Recorded information

>>>>>

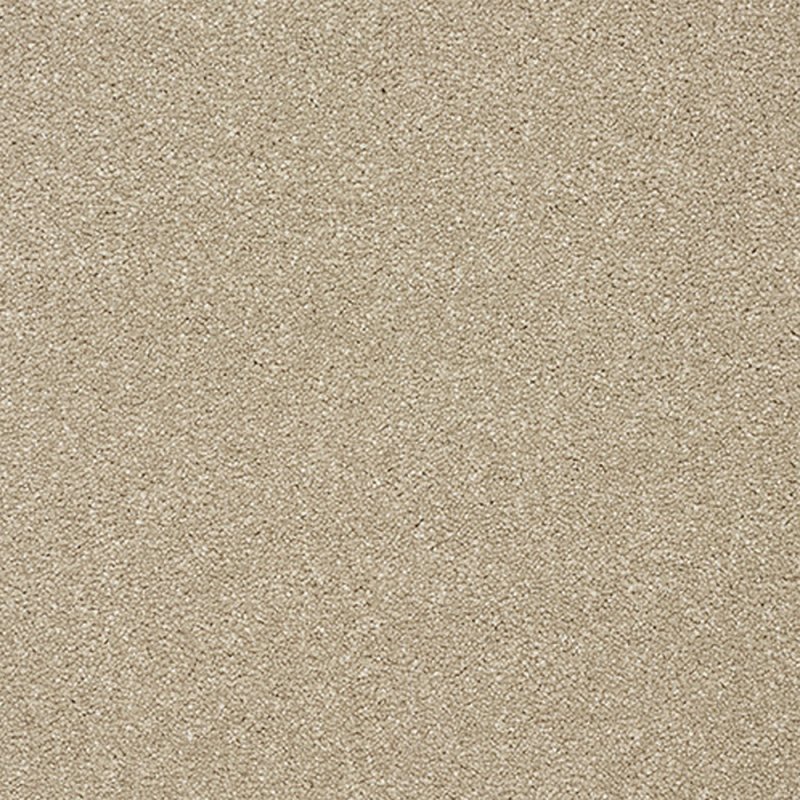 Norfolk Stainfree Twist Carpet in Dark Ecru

<<<<<
>>>>>

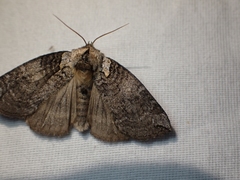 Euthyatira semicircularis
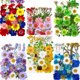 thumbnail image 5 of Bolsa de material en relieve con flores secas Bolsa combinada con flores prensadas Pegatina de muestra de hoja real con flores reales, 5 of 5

<<<<<
>>>>>

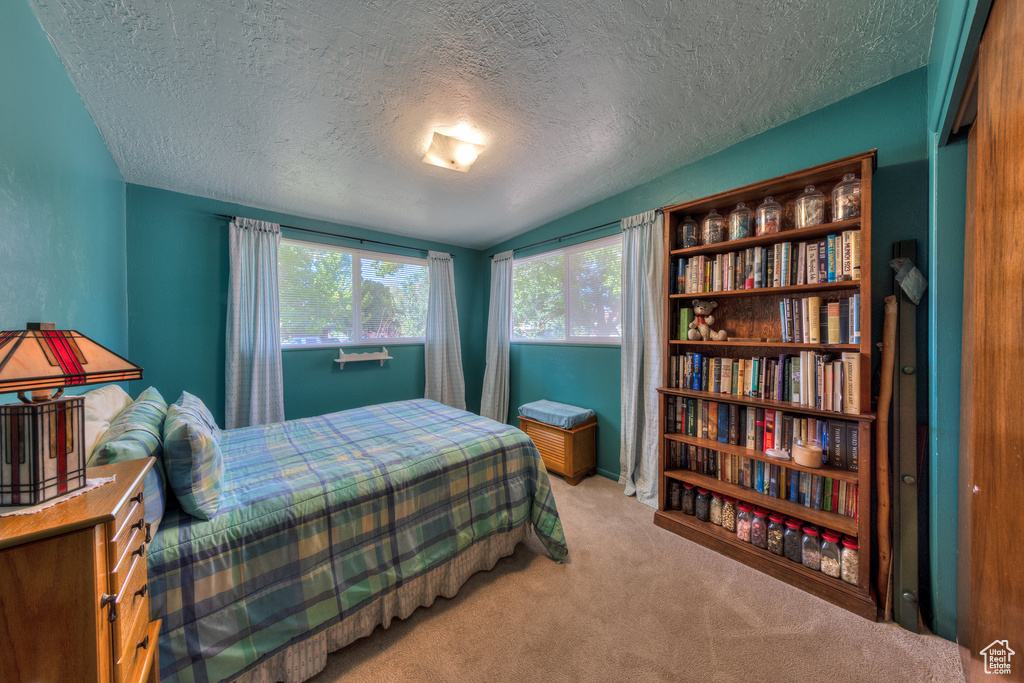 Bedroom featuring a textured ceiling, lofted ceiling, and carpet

<<<<<

Task directions
Among the lines above, the one with "Euthyatira semicircularis" opens the part to repeat and the one with "thumbnail image 5" closes it; repeat only that part exactly, with no pictures.

Expected answer
 Euthyatira semicircularis
 thumbnail image 5 of Bolsa de material en relieve con flores secas Bolsa combinada con flores prensadas Pegatina de muestra de hoja real con flores reales, 5 of 5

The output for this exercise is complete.